Tim, the Enchanter, is a Ruby coder who also created a git installer for OS X. His blog has a great quote at the bottom: "What manner of man are you that can summon up code without C# or Java?"
As is obvious, I have not posted a lot on here lately. Part of the reason is not thinking about it, or putting something in
Twitter instead. However, another reason is I haven't done much coding lately. Well, that's about to change. I need to do v. 2.0 of a
Django app at work this summer, and I will be doing some coding at home in
Processing to get ready to teach it in the fall. Hopefully these projects will inspire some posting here.
This is a video of an interview with Bob Martin, Pete McBreen and Michael Feathers about software craftsmanship.
I was asked in a comment to my previous post about comparing Git to Mercurial. I have only used Mercurial in simple scenarios, and I'm an extreme newbie when it comes to Git, so I can't really say, except that repository synchronization in Git seemed harder to learn than in Mercurial.
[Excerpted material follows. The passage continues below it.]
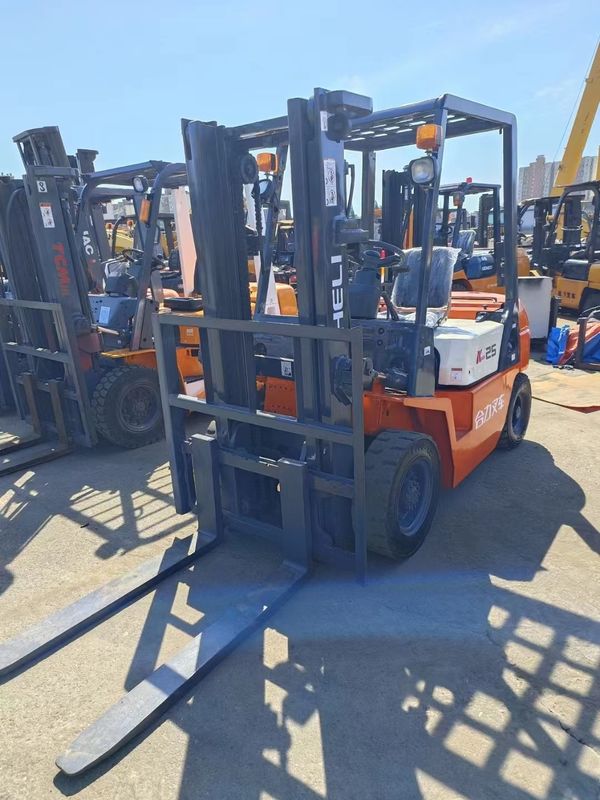 1160 mm Overbreedte 2,5 ton HELI Gebruikte vorkheftruck met vooroverhang van 465 mm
Even so, I'm going to continue to try to learn Git because of posts like
this one. Here are his concluding remarks:
With git, we've invented a new world where revision history, checksums, and branches don't make your filesystem slower: they make it faster. They don't make your data bigger: they make it smaller. They don't risk your data integrity; they guarantee integrity. They don't centralize your data in a big database; they distribute it peer to peer.
Much like Unix itself, git's actual software doesn't matter; it's the file format, the concepts, that change everything.
Whether they're called git or not, some amazing things will come of this.
This article by Larry the Liquid describes a great idea of using the
Git version control system combined with the
Github hosting service to present a tutorial. Each commit is like a slide in the tutorial. They can be viewed through the Github web interface, or you can clone the repository yourself using Git, enabling experimentation.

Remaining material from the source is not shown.